Asırlardan bugüne taşıdığımız değerlere göre,'ahlaksız' diye nitelenenler çoğunluk olursa, insanlara dayatacakları kurallar ahlak olur mu? Sadece ganimetle yaşayan bir grupta en ahlaklı insan en çok çalan olur. Çoğunluk takdir ediyor diye, biz de böyle mi düşünelim?

***

Küçük bir kuşun kanadı kırılsa yüreği parçalanan bu toplum, kim olursa olsun insan ölümlerini, her ne adına olursa olsun onaylıyor ve alkışlıyorsa, orada vicdan kalmamıştır. 'Benim gibi düşüneni öldürmek yasak, benim gibi düşünmeyenler ölebilir.' şeklinde evrensel bir ahlak anlayışı olamaz.
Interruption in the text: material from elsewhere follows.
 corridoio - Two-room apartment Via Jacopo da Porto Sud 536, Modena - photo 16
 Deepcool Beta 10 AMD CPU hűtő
Ahlakî kurallar, yerini ilkel güdülere bırakmış demektir.

***

Ateş, su ve ahlak bir yolda buluşmuşlar.Tanıştıktan sonra bir muhabbete tutuşmuşlar. Başlamışlar kendilerini tanıtmaya. Ateş başlamış söze:

'Bendeniz ateş. Ben ışığımdır kimi zaman karanlıklarda, kimi zaman soğuklarda ısınmaya sebebim. Kimi zaman güneşim, kimi zaman bir kor parçasıyım, yakarım hoşuma gitmediğinde önüme ne gelirse. Çok iyiyimdir. Benden çok kere istifade edilebilir.' der ve ekler ateş. 'Fakat bir sinirlenirsem yakarım etrafımda ne varsa kimi zaman yangın olurum ansızın yakalarım en boş anlarda. Onun için benimle aranızı iyi tutun.' der.

Su başlar söze:

'Bendeniz su. Hayat kaynağıyımdır. Yokluğum çok kötüdür. Ben olmazsam yaşayamaz mahlûkat. Her hayatta ben varım, benim olduğum yerde hayat.' Sonra başlar ateşin yaptığı gibi zararlarından bahsetmeye: 'Fakat ben bir kızarsam sel olurum bazen, bazen bir fırtınayla gelirim, ne varsa yutarım. Onun için benle aranızı iyi tutun.' der.

Sıra gelir ahlaka:

'Bendeniz ahlak. Hayat düzeninde benim yerim başkadır. Benim hiç bir kötülüğüm yoktur. Kimseyi de tehdit etmem.' der.

Sonra ateş girer söze:

'Ben bu arkadaşlığı çok sevdim. Hani olurda bir gün birbirimizi kaybedersek nasıl buluşacağız?' der.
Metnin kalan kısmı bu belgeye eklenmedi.